According to RSF’s tally, six other journalists have been subjected to outburst of similar violence for investigating cases of corruption among district officials responsible for distributing humanitarian supplies.
During the current “infodemic of misinformation,” as the United Nations has called it, Bangladeshi journalists are working at the frontline to provide your country’s citizens with reliable and independently-reported information.
It is intolerable that they are being subjected to violence and harassment in this manner. Your government has a duty to guarantee journalistic freedom and to ensure that reporters can do their job without fear of either physical or judicial reprisals.

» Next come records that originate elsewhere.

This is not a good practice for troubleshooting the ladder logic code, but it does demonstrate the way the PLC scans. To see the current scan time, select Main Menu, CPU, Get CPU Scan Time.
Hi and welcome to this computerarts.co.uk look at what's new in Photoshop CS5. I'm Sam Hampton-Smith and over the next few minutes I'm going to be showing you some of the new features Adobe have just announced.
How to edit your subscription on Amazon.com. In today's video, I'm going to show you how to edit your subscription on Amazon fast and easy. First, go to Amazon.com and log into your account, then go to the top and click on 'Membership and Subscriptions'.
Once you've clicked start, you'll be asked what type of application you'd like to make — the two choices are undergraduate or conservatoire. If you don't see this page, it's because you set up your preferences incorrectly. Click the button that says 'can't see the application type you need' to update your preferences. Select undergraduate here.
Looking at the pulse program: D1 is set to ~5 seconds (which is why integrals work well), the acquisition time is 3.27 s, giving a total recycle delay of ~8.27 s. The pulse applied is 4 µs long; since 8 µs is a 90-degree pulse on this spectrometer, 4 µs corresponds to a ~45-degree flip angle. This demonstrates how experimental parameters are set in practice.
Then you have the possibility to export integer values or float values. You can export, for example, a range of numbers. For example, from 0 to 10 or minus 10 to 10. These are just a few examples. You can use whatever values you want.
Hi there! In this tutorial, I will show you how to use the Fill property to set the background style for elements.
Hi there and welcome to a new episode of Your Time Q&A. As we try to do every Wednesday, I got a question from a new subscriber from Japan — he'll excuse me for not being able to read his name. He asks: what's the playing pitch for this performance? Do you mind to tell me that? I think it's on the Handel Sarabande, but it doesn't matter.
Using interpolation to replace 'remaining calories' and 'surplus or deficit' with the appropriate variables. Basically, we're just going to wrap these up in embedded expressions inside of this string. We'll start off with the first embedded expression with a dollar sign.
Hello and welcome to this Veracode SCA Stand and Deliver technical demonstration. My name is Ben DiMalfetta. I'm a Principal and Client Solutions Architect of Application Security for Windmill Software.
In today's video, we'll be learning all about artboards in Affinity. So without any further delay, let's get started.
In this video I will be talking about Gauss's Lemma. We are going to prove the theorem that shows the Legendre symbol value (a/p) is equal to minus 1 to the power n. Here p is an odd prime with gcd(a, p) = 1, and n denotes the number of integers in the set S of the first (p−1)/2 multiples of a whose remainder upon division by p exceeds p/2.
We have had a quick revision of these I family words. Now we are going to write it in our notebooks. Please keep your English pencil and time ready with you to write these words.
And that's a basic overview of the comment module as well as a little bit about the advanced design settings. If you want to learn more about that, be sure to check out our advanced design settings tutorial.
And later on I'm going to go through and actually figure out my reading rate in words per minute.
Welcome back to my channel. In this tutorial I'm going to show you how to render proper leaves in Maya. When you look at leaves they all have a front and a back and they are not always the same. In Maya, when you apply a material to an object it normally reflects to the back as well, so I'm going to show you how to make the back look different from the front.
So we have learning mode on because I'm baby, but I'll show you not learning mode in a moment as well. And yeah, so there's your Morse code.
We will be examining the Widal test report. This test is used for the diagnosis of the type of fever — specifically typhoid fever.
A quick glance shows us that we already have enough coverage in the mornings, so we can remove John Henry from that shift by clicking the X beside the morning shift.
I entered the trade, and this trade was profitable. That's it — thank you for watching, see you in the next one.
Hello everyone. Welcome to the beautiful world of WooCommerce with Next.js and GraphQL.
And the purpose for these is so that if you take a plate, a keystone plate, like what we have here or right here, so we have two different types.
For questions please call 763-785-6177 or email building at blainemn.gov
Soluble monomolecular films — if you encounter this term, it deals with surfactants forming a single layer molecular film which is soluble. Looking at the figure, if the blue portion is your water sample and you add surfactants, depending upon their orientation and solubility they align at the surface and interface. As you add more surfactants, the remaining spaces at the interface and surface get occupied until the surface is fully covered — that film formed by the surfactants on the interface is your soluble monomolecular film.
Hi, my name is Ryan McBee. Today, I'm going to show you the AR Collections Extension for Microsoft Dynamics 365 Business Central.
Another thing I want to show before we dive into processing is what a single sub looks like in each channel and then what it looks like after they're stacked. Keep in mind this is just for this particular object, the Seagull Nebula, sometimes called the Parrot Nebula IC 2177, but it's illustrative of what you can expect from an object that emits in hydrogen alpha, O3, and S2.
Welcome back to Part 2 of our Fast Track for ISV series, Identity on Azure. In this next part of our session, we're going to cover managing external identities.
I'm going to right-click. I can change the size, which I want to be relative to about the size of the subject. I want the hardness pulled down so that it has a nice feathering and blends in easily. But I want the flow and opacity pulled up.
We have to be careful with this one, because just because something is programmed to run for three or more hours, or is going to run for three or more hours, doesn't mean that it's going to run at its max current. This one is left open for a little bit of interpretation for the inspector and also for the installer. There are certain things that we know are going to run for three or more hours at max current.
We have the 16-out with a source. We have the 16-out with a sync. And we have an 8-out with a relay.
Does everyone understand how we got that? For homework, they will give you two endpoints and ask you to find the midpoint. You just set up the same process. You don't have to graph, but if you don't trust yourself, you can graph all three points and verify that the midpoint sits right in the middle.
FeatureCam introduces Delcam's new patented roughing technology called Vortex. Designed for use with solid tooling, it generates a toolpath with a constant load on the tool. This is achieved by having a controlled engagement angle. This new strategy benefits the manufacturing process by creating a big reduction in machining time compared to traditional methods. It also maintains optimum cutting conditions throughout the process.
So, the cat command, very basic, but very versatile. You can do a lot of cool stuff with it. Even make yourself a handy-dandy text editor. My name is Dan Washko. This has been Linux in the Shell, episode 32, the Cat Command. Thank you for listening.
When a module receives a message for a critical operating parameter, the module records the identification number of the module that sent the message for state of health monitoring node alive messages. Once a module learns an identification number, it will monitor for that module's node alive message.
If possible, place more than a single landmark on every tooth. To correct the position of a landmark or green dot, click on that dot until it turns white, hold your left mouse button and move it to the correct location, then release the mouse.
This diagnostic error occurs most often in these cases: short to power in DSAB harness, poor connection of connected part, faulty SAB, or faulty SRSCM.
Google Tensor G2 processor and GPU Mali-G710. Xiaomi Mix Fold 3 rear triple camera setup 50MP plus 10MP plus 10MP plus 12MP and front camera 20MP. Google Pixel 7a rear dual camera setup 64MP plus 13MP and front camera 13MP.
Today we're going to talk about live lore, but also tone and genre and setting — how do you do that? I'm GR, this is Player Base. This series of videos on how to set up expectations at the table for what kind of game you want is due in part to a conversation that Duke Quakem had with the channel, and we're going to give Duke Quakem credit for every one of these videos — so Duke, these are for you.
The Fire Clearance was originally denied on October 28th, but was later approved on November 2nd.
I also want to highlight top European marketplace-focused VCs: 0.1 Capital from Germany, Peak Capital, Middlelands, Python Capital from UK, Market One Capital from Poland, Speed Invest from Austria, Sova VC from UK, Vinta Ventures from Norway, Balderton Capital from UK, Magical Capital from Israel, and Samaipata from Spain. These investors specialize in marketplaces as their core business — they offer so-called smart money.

We, five Bangladeshi and international organizations that defend press freedom, therefore urge you and your government to:
- Make sure physical attacks against reporters do not go unpunished by ensuring that the attorney general orders the investigations that are needed for the perpetrators and instigators to be arrested and tried for their actions.
- Request the dropping of abusive prosecutions of journalists, bloggers and cartoonists under the Digital Security Act.
- Reform your press freedom legislation so that it complies with the undertakings your government has given to international bodies including the UN Human Rights Council on 14 May 2018. To this end, you should amend the Digital Security Act and draft a law on protecting journalists.
We stand ready to begin a dialogue with you on achieving these goals.
Cartoonists Rights Network International (CRNI)
Reporters Without Borders (RSF)
Dr. Syeda Aireen Jaman
Forum for Freedom of Expression, Bangladesh (FExB)
Zahirul Islam Khan
Ain O Shalish Kendra (ASK)
Patrick Lamassoure (Kak)
Cartooning For Peace (CFP)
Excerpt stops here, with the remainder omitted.